There She Goes

The Pile

For several weeks now, we’ve been building this pile. These boxes are filled with the things Sophia will need in her new apartment. Not including the black table on which the boxes are stacked and the now-defunct TV on the right, this is her new life.

Tim expects me to be emotional when we drop her off. He may be right. But for now, my only emotion is excitement. She’s going back to her independence, back to a life she builds herself, back to the process of opening up the world and seeing what it holds for her.

We’ve been working for a couple of weeks on cooking tips, and she’s got some meals ready to prepare.
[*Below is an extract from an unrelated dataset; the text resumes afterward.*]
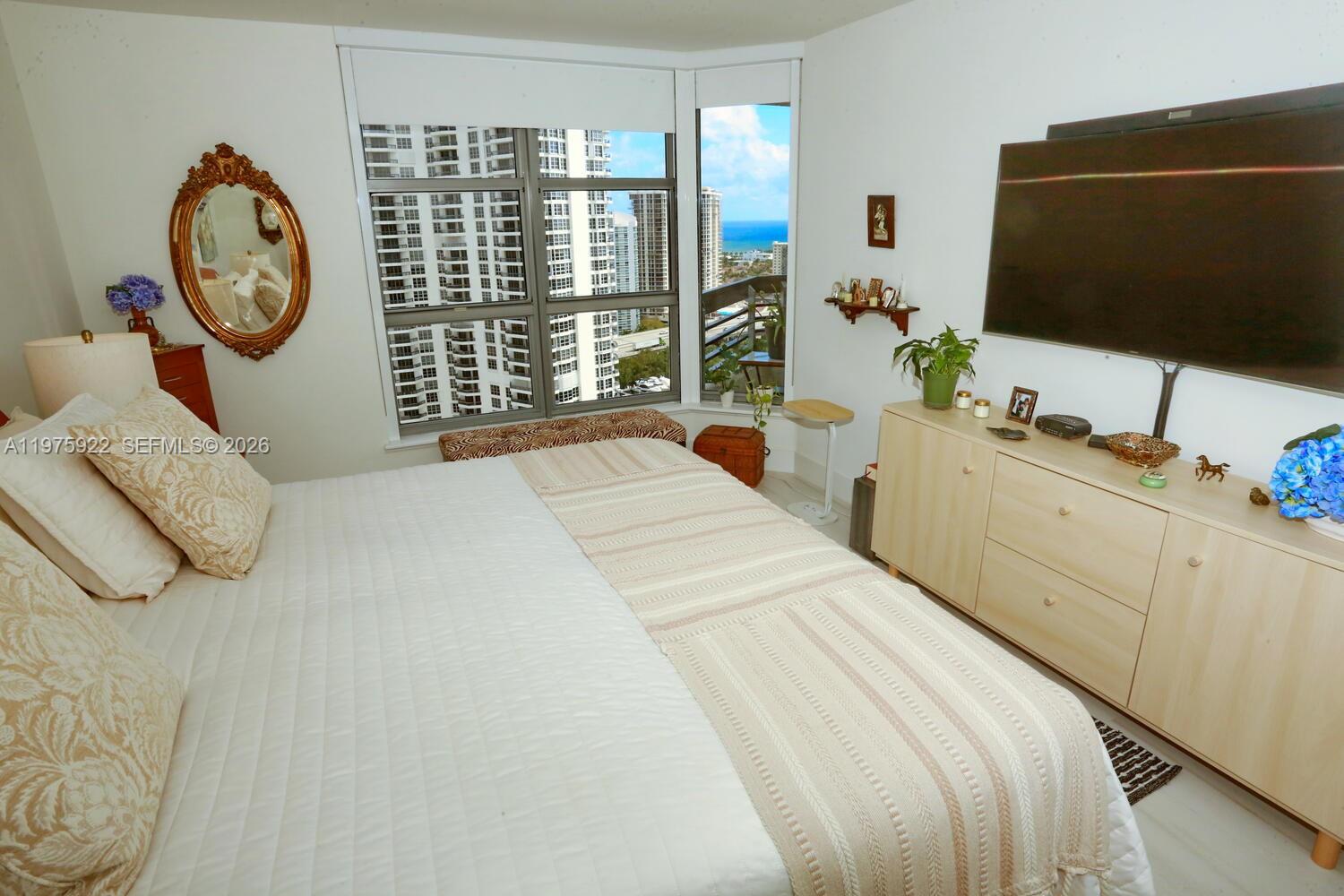 3530 Mystic Pointe Dr #2807, Aventura FL 33180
She’s registered for classes and has made arrangements for transportation to campus. She’s as ready as she’ll ever be. I prepared a box of pantry items for her, something I never got to do for my sons (who are, I am certain, eating Kraft Dinner with ketchup for every meal *shudder*), and have helped her think through kitchen accessibility tools.
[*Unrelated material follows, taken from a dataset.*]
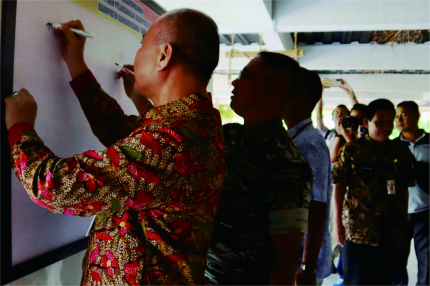 Penandatanganan dukungan masyarakat dan semua pihak, untuk meningkatkan pelayanan terhadap anak di Banjarnegara sebagai kabupaten layak anak. Deklarasi kabupaten layak anak ini berlangsung di Surya Yudha Park Banjarnegara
Will I freak out later? Maybe. Most of my Sophia-related freakouts have to do with her wheelchair tipping over on a curb, not household-related things. She’s been preparing food for herself in some capacity for a long time, and I’m certain she’ll do fine.
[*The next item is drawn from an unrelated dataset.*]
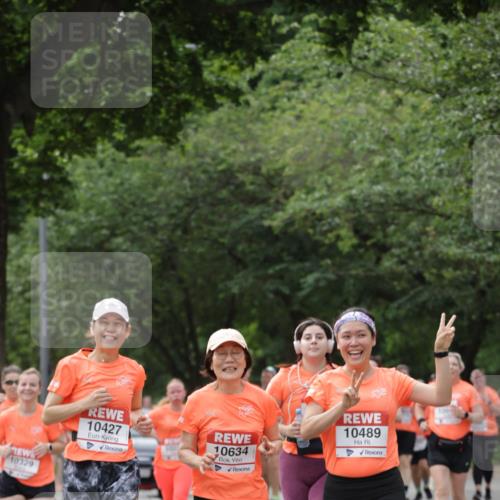15.06.2025 - REWE Women's Run Jannik Wohlers http://msf.ph/oto/7946437 15.06.2025 08:30:02 Laufen 10329, 10427, 10634, 10489 meine-sportfotos.de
My overwhelming feeling for her is pride. This girl is *fearless*, and that serves her well in this world of overwhelming obstacles. That strong-willed girl I raised has turned into a fierce advocate for herself and others. She’s a battler, a champion for doing and saying the right thing. Yes, she likes to have fun (just like my mother, the party girl), but when it comes time to work, she puts her head down and accomplishes the task. Like all of us, she’s got things to figure out, levels to reach on her own best practices, and thousands of miles of unexplored roads of her own personality. She’s nowhere near finished developing into the person she’ll become.

But for this step, for the moment when she steps up to the task of taking care of herself day to day so she won’t die from cold and hunger, she’s got this. Watch her go.

2 thoughts on “There She Goes

  1. Obviously, my kids are a bit younger . . . . but I truly hope I’m of the same mind that you are, when it’s time for CJ & Leila to branch out on their own. First day of kindergarten, CJ gave me a hug and went off to play with Legos — ready to move to whatever we want to call his “next aspect of life.” And I felt a bit of pride.

    Emotion came later, for sure. Heck, I was mostly useless, all day — but the first emotion was “he is assured of himself enough that he able to just say bye”.

    I pray I’m as assured as you are, when my kids meet a similar stage of their life 🙂

    • well…I cried most of the day Sunday, so my emotion came later too. Didn’t even see it coming, and it totally kicked my ass. I know it’s all going to be fine, and she’ll find her life on her own, and I’ll find my life on my own (sans children), but that separation is painful. She didn’t have to live through the trauma of me hearing me sob into a pillow all day, so that’s good.